CANAKINUMAB AS AN AGENT TO TARGET INTERLEUKIN-1β AND POTENTIALLY REDUCE CARDIOVASCULAR EVENT RATES AND NEW ONSET DIABETES: THE CANAKINUMAB ANTI-INFLAMMATORY THROMBOSIS OUTCOMES STUDY (CANTOS)

Of inflammatory cytokines implicated in atherothrombosis, IL-1 plays a particularly substantive role (42). In simplified form, the IL-1 signaling system involves two agonists, IL-1α and IL-1β (which exert pro-inflammatory effects through binding to the IL-1 type 1 receptor), and an endogenous antagonist for the IL-1 receptor (IL-1Ra, which blocks binding of IL-1 α and β to the IL-1 type I receptor) (44). Cells that produce IL-1β have an additional regulatory step in that the initial protein product, pro-IL-1β, is inactive and requires proteolytic cleavage by caspase-1 to attain biological activity. This latter cleavage process is controlled by an important complex of intra-cellular proteins known as the NLRP3 inflammasome that can be activated by several exogenous “danger signals” including crystalline compounds (45). As examples, silica, asbestos, hydroxyapetite, and uric acid crystals are all known to enhance IL-1β production through inflammasome interactions.
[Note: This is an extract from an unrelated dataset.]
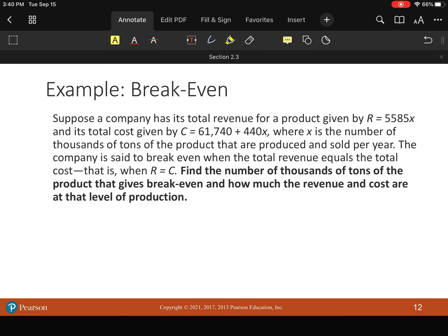All right, so to wrap this up, two quick applications. So in business, of course, you want your revenue. Well, you really want to make more money than it costs you to drive your business or to create your business. So you're looking for profit.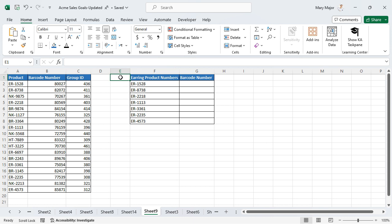Using the index and match functions together allows users to find and return a value from an array regardless if the value is on the right or left.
Specific amino acid mutations altering the NLRP3 inflammasome can severely increase secretion of IL-1β and result in a group of rare auto-inflammatory disorders (such as the Muckle-Wells syndrome) that respond to treatment with monoclonal antibodies targeted against IL-1β or with exogenous IL-1R antagonists (4648). Moderate imbalances in the IL-1/IL-1Ra system are believed to contribute to chronic inflammatory conditions including type 2 diabetes, inflammatory arthritis, psoriasis, gout, and inflammatory bowel disease (4952).
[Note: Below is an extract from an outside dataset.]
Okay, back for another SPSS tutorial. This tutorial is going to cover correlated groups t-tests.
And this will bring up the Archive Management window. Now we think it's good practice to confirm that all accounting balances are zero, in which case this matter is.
Recent observations directly implicate the NLRP3 inflammasome and its resulting production of IL-1β in the atherosclerotic process. First, genome-wide association studies have found the NLRP3 loci to be among those determining plasma CRP levels (53). Second, the NLRP3 inflammasome can be activated by cholesterol crystals and minimally modified LDL cholesterol (54, 55). This latter observation implicates crystalline cholesterol as a trigger for IL-1β activation, and thus provides a critical linkage between hyperlipidemia and inflammation. Third, IL-1β–induced inflammation in pancreatic islets of patients with type 2 diabetes has been reported to be mediated through the NLRP3 inflammasome (56). Last, as IL-1β drives the acute phase response, these inflammasome activation data provide a unifying causal pathway explaining why systemic biomarkers of inflammation such as hsCRP, IL-6, fibrinogen, and sICAM-1 levels are elevated many years in advance of acute coronary occlusion.
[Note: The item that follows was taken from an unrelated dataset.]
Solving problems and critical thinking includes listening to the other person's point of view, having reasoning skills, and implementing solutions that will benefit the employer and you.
Although the NLRP3 inflammasome has only recently been described, experimental data has long suggested a role for IL-1 in atherothrombosis (57). As examples, IL-1 is known to induce pro-coagulant activity as well as monocyte and leukocyte adhesion in human vascular endothelial cells; endotoxin and tumor necrosis factor can induce IL-1 gene expression in human vascular endothelial as well as smooth muscle cell; and atherosclerotic lesions contain both IL-1β and IL-1Ra (5860). Further, reduced lesion formation has been reported in atherosclerosis-prone mice deficient in either IL-1 or the type I IL-1 receptor, whereas IL-1Ra–deficient mice have increased atherogenesis (6164). In a parallel manner, studies performed on pig coronary arteries show increased neointimal formation with periadventitial administration of IL-1 and reduced neointima formation in the presence of IL-1Ra (65, 66). Human studies supporting these concepts include the observation that atherosclerotic as compared to normal coronary arteries have increased IL-1β levels; that IL-1Ra concentrations are higher among those with acute coronary syndromes as compared to asymptomatic patients or those with chronic stable coronary disease; and that polymorphism in IL-1Ra associates with the burden of coronary lesions found on angiography, with rates of stent re-stenosis, and with atherosclerotic progression (6770).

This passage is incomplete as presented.